Rhiannon Lucy Cosslett: Dr Christian Jessen has made the nation's intimate ailments a teatime TV staple with Embarrassing Bodies, and this week he tackled 'gay cures' in a controversial documentary. His methods are not to all tastes, but his passion is clear
  
  

Dr Christian Jessen
'The medical profession is quite slow to keep up with technology. We're a very stuffy profession' … Dr Christian Jessen. Photograph: Felix Clay for the Guardian Photograph: Felix Clay/Guardian

It is towards the end of my hour with television's Dr Christian Jessen that I finally raise the issue of piles, but from the unflustered, slightly ironic look on his face, you get the sense that barely a day goes by when haemorrhoids are not mentioned. As his fellow Embarrassing Bodies host Dr Pixie McKenna told the Cambridge News recently: "I don't know why people are obsessed with piles, but one of the most common things that gets shouted at us is: 'Do you want to come and look at my piles?' Tis a difficult cross to bear, to be sure."

I mention piles to Dr Christian not because – I hasten to add – they in any way blight my own existence, but because, like much of the UK's TV viewing public, Dr Christian has, over the last seven years, increased my acquaintance with them immeasurably. Thanks to his series Embarrassing Bodies, which returns next month, my mother and I once were gifted with a high-definition close-up of a stranger's anus while we were trying to eat our tea, and I'm sure we weren't the only ones.

Dr Christian, who meets me at a cafe near the Thames on a sunny Saturday, laughs when I tell him this. "The reason you see it so much on Embarrassing Bodies is because we get it so much," he says. It is, apparently, a problem that affects half the population, but one has to wonder whether or not the British viewing public might be becoming tired of it. Dr Christian thinks not: "When we first filmed it, back when it was called Embarrassing Illnesses and it was a half-hour show, we were filming it in Birmingham, and it was verrucas, piles, eczema. Those everyday GP cases that you see 10 cases of a day, day in, day out, for the rest of your life. I remember thinking, 'This is really dull, this is never going to make a TV show, this is going to be dead in the water after they run the first series.' I'm delighted to say that I've never been more wrong – that the public thirst for medical things, particularly the more gory medical things, is insatiable."

Dr Christian is enormously proud of Embarrassing Bodies, a format that was initially pitched to him as a fly-on-the-wall documentary involving GPs. Not only did it help transform him into the most recognisable doctor in the country, but its format has been replicated in Australia and the Netherlands. It has two Baftas to its name, both of which honoured its website, which, as well as teaching users to perform simple health checks, also features penis and breast galleries that aim to show people the normal anatomical variations that occur.

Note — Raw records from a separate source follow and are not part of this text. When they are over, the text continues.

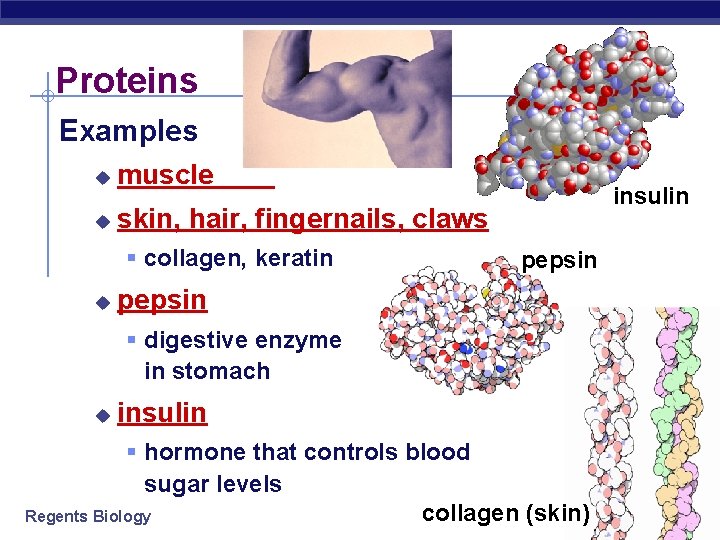 Proteins Examples u muscle u skin, hair, fingernails, claws § collagen, keratin u insulin
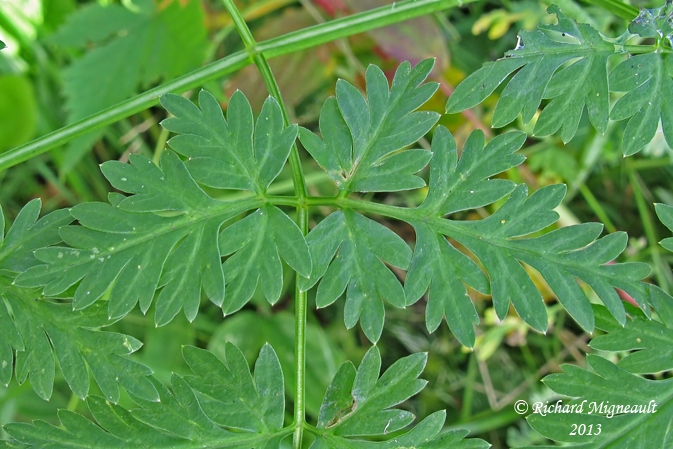 Conioslinum de Genesee - Hemlock parsley - Conioselinum chinense 3 m13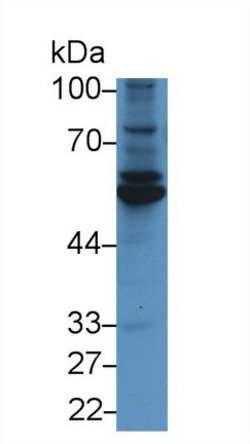 Invitrogen Fibulin 3 Monoclonal Antibody (C5), Invitrogen:Antibodies:Primary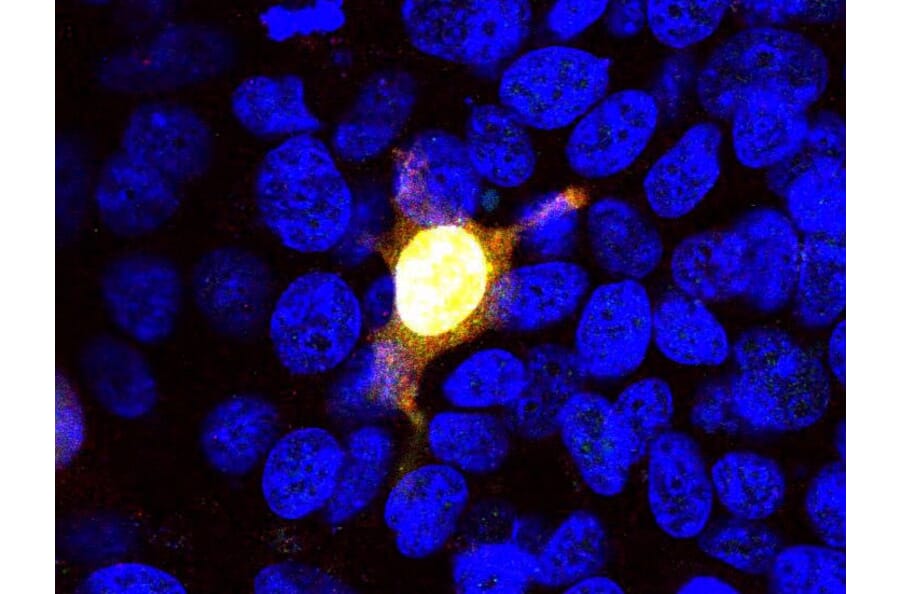 Immunofluorescence - Anti-CRISPR-Cas9 Antibody [3F9] (A85327) - Antibodies.com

Before Embarrassing Bodies, Jessen was a sexual health specialist who would make the odd TV appearance to comment on news stories, mainly due to his senior consultant's media-shyness. He did his medical training at UCL, and shared a halls-of-residence corridor with Coldplay, whom he says used to "annoy the crap out of us" by playing their guitars late into the night. He then specialised in sexual health at the London School of Hygiene and Tropical Medicine, with his focus on HIV and malaria leading him to stints in Kenya and Uganda. He now not only fronts Embarrassing Bodies and its spinoffs, but also the equally popular Supersize vs Superskinny. He has also just produced a documentary, Undercover Doctor: Cure Me, I'm Gay, during which he investigates and undergoes a number of so-called "gay cures", which you may have caught last week (it's available on catch-up TV). All this he juggles with magazine columns, his Harley Street clinic, and a voracious Twitter audience who rely on him to answer (and always in capitals) such varied questions as "can HPV get in your eye and lead to cancer?" ("NOT THAT WE KNOW OF, NO") to "will sticking my penis up the hoover (for pleasure) cause any damage to my genetils [sic]?" ("QUITE PROBABLY").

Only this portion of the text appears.